Representative Jim Colver.
SUMMARY
PRESENTATION: SOVEREIGN WEALTH FUNDS & RULE-BASED RESOURCE
REVENUE MANAGEMENT: GLOBAL TRENDS, CHALLENGES AND BEST
PRACTICES BY MALAN RIETVELD, MANAGING DIRECTOR, RIETVELD
CONSULTANCY, INC.
Co-Chair Thompson reviewed the agenda for the day. The
committee would be hearing a presentation on sovereign
wealth funds by Malan Rietveld. Mr. Rietveld was a fellow
of the Center for International Development within the
Kennedy School of Government at Harvard University. He was
also the director of Kalytix Partners. Mr. Rietveld has
worked around the world assisting countries in creating
sovereign funds that help create a permanent source of
income. The presentation would not address any bills but
would provide the committee with information regarding
sovereign wealth funds and the pros and cons of
establishing these endowment funds. He asked committee
members to hold their questions until Mr. Rietveld has
completed his presentation unless the question directly
related to understanding the material being presented.
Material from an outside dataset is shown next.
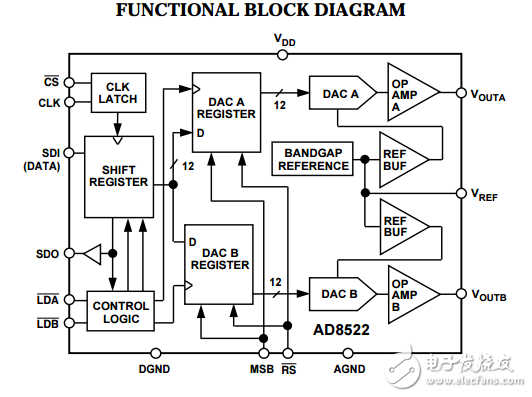 5volt串行輸入光子12位的數模轉換器AD8522數據表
^PRESENTATION: SOVEREIGN WEALTH FUNDS & RULE-BASED RESOURCE
REVENUE MANAGEMENT: GLOBAL TRENDS, CHALLENGES AND BEST
PRACTICES BY MALAN RIETVELD, MANAGING DIRECTOR, RIETVELD
CONSULTANCY, INC.
9:05:15 AM
JERRY BURNETT, DEPUTY COMMISSIONER, TREASURY DIVISION,
DEPARTMENT OF REVENUE, introduced Malan Rietveld. He
reported that Mr. Rietveld came to Alaska, gave a
presentation to the administration on sovereign wealth
funds and rule-based management. The administration invited
him back to speak to the legislature. He thanked Mr.
Rietveld for being present and turned to him to begin his
presentation.
Representative Thompson indicated that Representative
Pruitt had joined the meeting.
MALAN RIETVELD, MANAGING DIRECTOR, RIETVELD CONSULTANCY
INC., provided his history working on sovereign wealth
funds (SWFs). He was a trained economist and worked for 10
years on issues concerning sovereign wealth fund
management. The term "Sovereign Wealth Fund" was coined
about 10 years ago. He noted the funds had been in
existence for much longer than the name. He had worked on
issues related to SWFs and resource-rich jurisdictions,
countries, states, and provinces around the world from the
Middle East to Norway to a number of US state funds. He was
also doing his PhD on the subject, which was nearly
complete.
9:07:13 AM
Mr. Rietveld introduced the PowerPoint presentation:
"Managing natural resource funds: global trends and
practices" (copy on file). He began with providing a
context of the growth of SWFs in recent decades. He pointed
to slide 1: "The growth of new SWFs" which contained a map
of the world and the areas in which SWFs were operating. He
noted that the red highlighted areas were the locations of
the largest SWFs. There was a number of large funds in the
Middle East in Abu Dhabi, Saudi Arabia, Kuwait, and Qatar.
He thought the great amount of economic and political
diversity in the funds was striking. He would address the
significant differences shortly in terms of the size of the
funds relative to the domestic economy and relative to the
size of the budget and the government spending needs.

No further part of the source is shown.